Publish: 27 Oct 2019, 04:20 pm
Days after the global cinema release of the film 'Joker', the distinctive face of the titular comic-book villain began appearing in political demonstrations all over the world. It's still an underground phenomenon, but does this represent a new form of protest like the wearing of the ‘V for Vendetta’ mask?
From Chile to Lebanon, via Hong Kong and Iraq, a number of people have taken to wearing the recognisable exaggerated smile of the Joker currently portrayed in the cinema by Joaquin Phoenix in the international hit film by Todd Philipps. The face of the Joker, Batman's ultimate nemesis, has now been seen in masks, face paint and graffiti tags in global demonstrations protesting against governments.
“Todd Philipps’ film about the Joker has a real evocative power,” explained William Blanc, historian and author of the book ‘Super Heroes: A Political History’, to FRANCE24. “It echoes a form of protest against a political system that people believe is inflexible and not listening to the people.”
In the weeks since this film came out in the cinema, this Joker symbol of protest has already been visible on the streets, particularly in Lebanon, where a group of graffiti artists called Ashekm has painted a mural of the grimacing clown holding a Molotov cocktail. Other inscriptions elsewhere also allude to Todd Philipps’ film, such as in the Chilean city of Los Angeles, where someone has written at the foot of a statue “We are all clowns”.
Political references to comic strip characters are numerous and the Joker is not the only mask being worn in processions at the moment. In Hong Kong, for example, demonstrators are challenging an emergency law that prohibits the wearing of masks by wearing those of Winnie the Pooh or Pepe the Frog, as noted by the Associated Press.
We are all Guy Fawkes
However, the most commonly used mask globally in protest marches remains the singular face of Guy Fawkes. In the 17th century, Fawkes was the instigator of a failed coup when he attempted to blow up the English Parliament on November 5, 1605. A mask of his face was worn by the character V, an anarchist revolutionary hero in the 2006 cult film ‘V for Vendetta’.
The faceless hacking collective Anonymous (which was established in 2003) adopted Fawkes’ mask as their distinctive signature look and it has since appeared all over the world. This representation has more in common than you might think with the Joker.

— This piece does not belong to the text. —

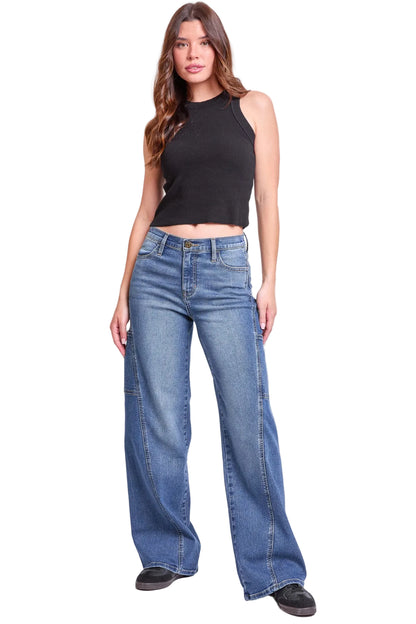 A woman modeling a black sleeveless crop top and wide-leg blue jeans against a plain light gray studio background.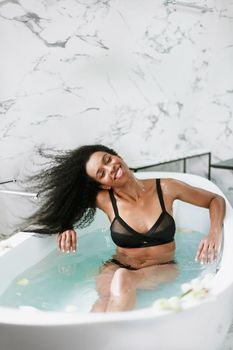 Young cute black woman taking bath in bathroom with marble tile, wearing black swimsuit. Concept of personal care and spa.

“The central theme of these two films is social fragmentation, the fact of finding yourself alone to cope with your own misery,” explains Blanc. “At the end of Todd Philipps’ film, a bit like at the end of ‘V for Vendetta’, everyone putting on the same mask is their way of coming together as a group, to create a collective, to not feel alone with your struggle.”
There is another key link between the two characters: Alan Moore.
‘V for Vendetta’, written by Alan Moore and illustrated by David Lloyd, began in 1982 as a strip in British comic monthly 'Warrior' before gaining a far larger audience when it was compiled as a graphic novel by DC Comics in 1988.
The Joker first appeared in the debut issue of DC's 'Batman' comic in 1940. However, the version of the character that Todd Philipps has directly credited as his inspiration is actually from a 1988 graphic novel, ‘The Killing Joke’, written by the very same Alan Moore.
In ‘V for Vendetta’, “Moore targets fascism and he wrote this at a time of the emergence of a hard and ultraliberal right – Margaret Thatcher in England, Ronald Reagan in the United States. This ideology continues with the Joker,” explains Blanc.
In ‘The Killing Joke’, the character of the Joker takes on a social dimension that is reflected in the film released in 2019. According to the historian, the clown then becomes “a product of a systemic social neglect”.
Deformed by social violence
The parallels between the two characters do not stop there. These masks adopted by today’s protestors display a twisted smile that Blanc describes as “mocking” and “terrifying”.
V and the Joker “are both victims of power and are determined to get their revenge,” he explains. “They share the fact that their bodies have been deformed by social violence. They smile while in so much pain as their way of saying ‘You may have hurt me, but I am strong enough to respond with a smile, I am in control’.
“It’s also a morbid smile. These characters want to terrify powerful people, to make them feel helpless in front of someone for whom exacting revenge is all that matters and they will do whatever it takes to achieve it.”
The question remains, though, as to whether the Joker is intended to embody a political stance. According to Blanc, “the Joker is a plastic character and is not representative of the right or the left”.
He believes that Todd Philipps’ film has inspired demonstrators because “it speaks mainly of being alone, separated from any sense of a collective. This isolation is a real contemporary evil.”